Wednesday, May 7, 2014

Handwriting is important.

So today, I taught my son the importance of legible handwriting by telling him about the time I got an A (and you didn't) on homework I copied from you.


Thursday, April 24, 2014

Azaleas

I think of you at the most random times. Yesterday, we were leaving the house, and my daughter shouted "Look, Mommmy! The roses are blooming!"

We don't have roses. We have azaleas, because it's the south, and it's mandatory. I don't think I can identify a single house on my block that DOESN'T have azaleas.

As soon as she said roses, my mind provided me with a memory.

I'm walking in to the Performing Arts School. You're standing there, in the main entrance, with a long white box. In all the years that have passed since that moment, still no one else has ever given me such a perfect gift. (Of course, no one else has ever broken up with me by avoiding my calls since I turned 12 - so I guess it balances.) I remember the way you looked at me - hopeful. My heart was in my throat when I saw the box. I knew what it was right away. And I was overwhelmed. Overcome. Amazed.

"My favorite!" I shouted "AZALEAS!" I quoted Shakespeare. I subbed the word Azalea for the word Rose in all sorts of ways. (A habit which carried on long past you, by the way.) I carried that box around all day and I felt special. I protected it, I rode Public Transit with that box. At (school) rush hour. It took me around an hour and a half to get home and  I cradled that box the entire way. I had put the card in my purse, so I could read it without exposing that glorious, perfect, gem.

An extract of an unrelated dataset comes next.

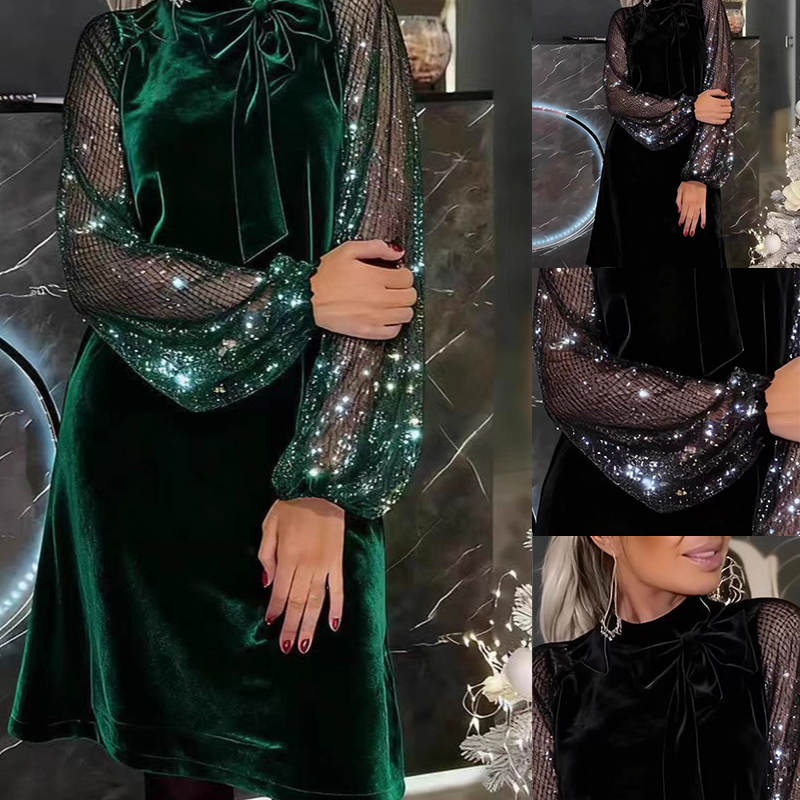 ⏳ Limited-Time Special⏰Women‘s Sequin Sleeve Bow Neck Dress – A-Line Party & Evening Gown✨👗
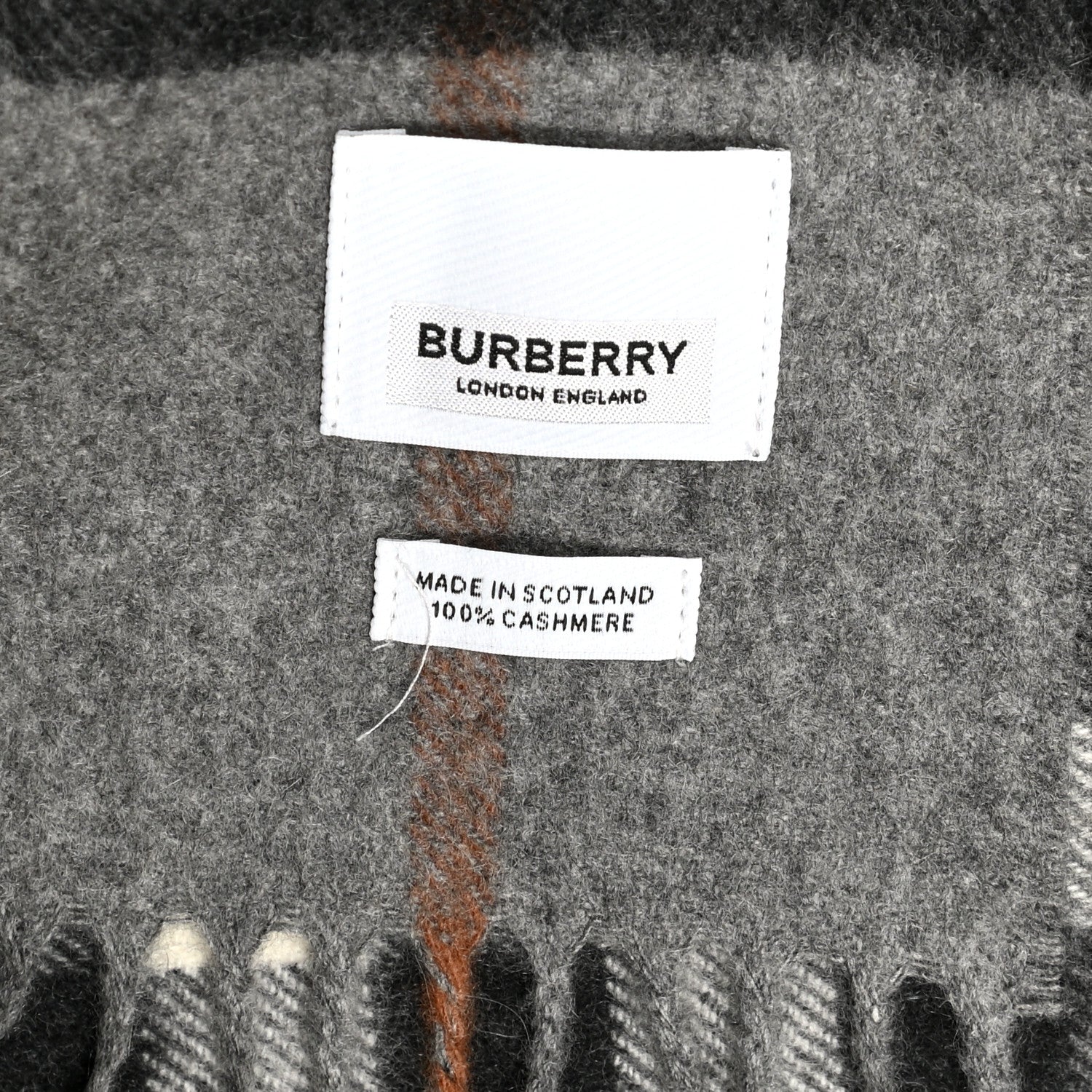 Burberry Cashmere Classic Check Fringe Scarf Grey 5 of 6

I can't remember very many times in my life that I felt that special. And I felt that way each and every time you turned up with one of those long white boxes with the fancy gold script from that famous florist. (I can't remember now if it was Chopin's or Sheinuk's - I'm even more impressed that I spelled that right prior to googling). I flattened the boxes, and kept them stored on the top shelf of my closet. I kept the cards with your terrible illegible handwriting in a separate keepsake box with other little mementos. (This method of storing keepsakes is how I store the kids' keepsakes. I have a box for each of them, and I put stuff in it, sometimes with a note, sometimes not.)

I sincerely hope that my kids get to make someone special feel that way.